# Besoin de plus de posts

## fmalabre

Ce forum a beaucoup moins de threads et messages que les autres forums etrangers.

Changons ca!

----------

## progster

doesn't that mean that the french have less problems with gentoo? I'd say that's a good thing  :Wink: 

(my french is pretty bad)

~Progster

----------

## fmalabre

 *progster wrote:*   

> doesn't that mean that the french have less problems with gentoo?

 

Non, je pense que les utilisateurs de langues francaise sont plus tournes vers d'autres distribs telles que Mandrake. Celles-ci gerent parfaitement les multi-langues depuis longtemps.

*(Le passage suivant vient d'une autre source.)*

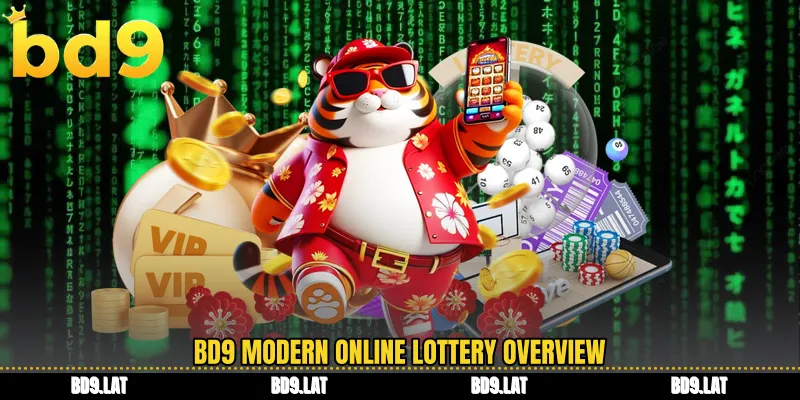 BD9 modern online lottery overview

La difference entre le forum allemand et le forum francais est etonnante.

----------

## TGL

 *fmalabre wrote:*   

> La difference entre le forum allemand et le forum francais est etonnante.

 

Ces allemands sont des sbires de Suse qui ne posent des questions que pour faire croire que Gentoo est compliquée...

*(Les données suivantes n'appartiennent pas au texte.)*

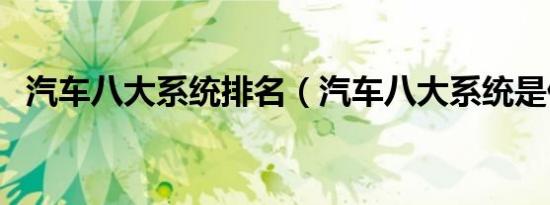 汽车八大系统排名（汽车八大系统是什么）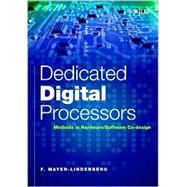 Dedicated Digital Processors Methods in Hardware/Software Co-Design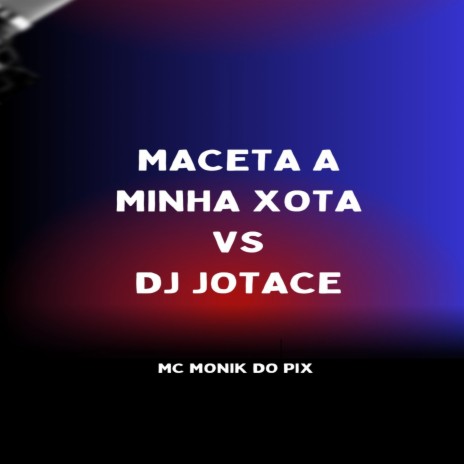 MACETA MINHA XOTA VS DJ JOTACE ft. Mc Monik do pix | Boomplay Music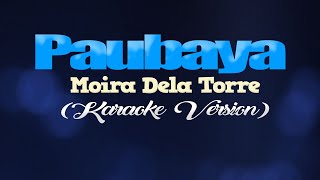 PAUBAYA  Moira Dela Torre KARAOKE VERSION [upl. by Solitta]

Plus sérieusement, je vois pas trop le problème, mais j'en vois qlqs explications:

 - les forums anglais sont + parcourus et + ciblés -> les gens postent dans les forums anglais quand ils ont qlqs rudiments. Franchement, c'était mon argument contre ce forum qd on en a parlé sur gentoofr, et je le maintiens. Ce qui ne m'empêche pas de parcourir ce forum régulièrement, mais bon...

 - les problèmes spécifiquement français sont rares, et trouvent plutôt leur solution dans des docs généralistes, french howto, etc.

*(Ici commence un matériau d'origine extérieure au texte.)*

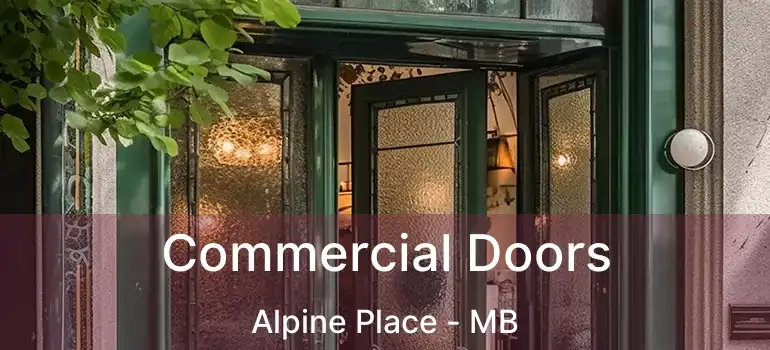  Commercial Doors Alpine Place - MB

 - les gens utilisent #gentoofr sur irc ? Possible, je sais pas, jamais été voir si y avait du monde.

 - il y aurait peu d'utilisateurs français ? Là, ce serait un vrai problème. Je me demande comment mesurer ça... (j'ai regardé sur distrowatch.com, mais pas de stats par pays)

Et l'explication de progster n'est pas bête non plus.

----------

## rafailowski

c'est pas faux ce que dit fmalabre... je ne sais pas si il y a beaucoup d'utilisateurs gentoo... ou peut etre que les Francais sont si bons qu'ils  n'ont aucun probleme... LOL... mouais... plus serieusement je me demande si la france est frileuse avec Linux en général... possible que la communauté francophone soit peu répandue comparée à d'autres pays... Quand je vois que ma formation d'administrateur réseau nous fait bosser exclusivement sur un environnement NT4, Win2k et XP.... Connaissent pas Linux Unix BSD.... si toutes les formations sont du même acabit que mon école ( :Twisted Evil:  le CESI  :Twisted Evil:  ) ... ca va pas nous aider...   :Sad:  Bon c'est un peu hors sujet mais fallait que je le dise...   :Crying or Very sad: 

----------

## Bouiaw

Non, dans les écoles, Linux est quand même très largement répendu. En tout cas, que ce soit à IUT de Grenoble ou à l'INSA de Lyon où je suis actuellement, c'est Linux rulezzz !!!

----------

## sergio

 *fmalabre wrote:*   

> Ce forum a beaucoup moins de threads et messages que les autres forums etrangers.
> 
> Changons ca!

 

Faut dire que les forums anglais regorgent déjà de pas mal d'articles d'autre part depuis que j'ai installé mes Gentoo 1.2 on peut dire que je n'ai pas rencontré beaucoup de gros problèmes...

L'ensemble est assez stable et s'est plus pour renforcer le lien avec la communauté française que je poste de temps en temps des messages... ou lorsque que j'ai du mal à interpréter le charabia des messages en anglais (c'est quelque fois confus !!!) dont je ne possède pas toute la maitrise que je souhaiterais...

Mais c'est bien, il faut continuer d'alimenter ce forums !!! Je pense aussi à nos cousin francophones à travers le monde (canada, belgique, etc...)

c'est bien d'avoir un espace de dialogue dans notre langue préférée !!!

 :Razz: 

----------

## crevette

Peux t'etre par que nous sommes moins nombreux, Les gens sont beaucoup mons alternatifs peut etre, plus windows..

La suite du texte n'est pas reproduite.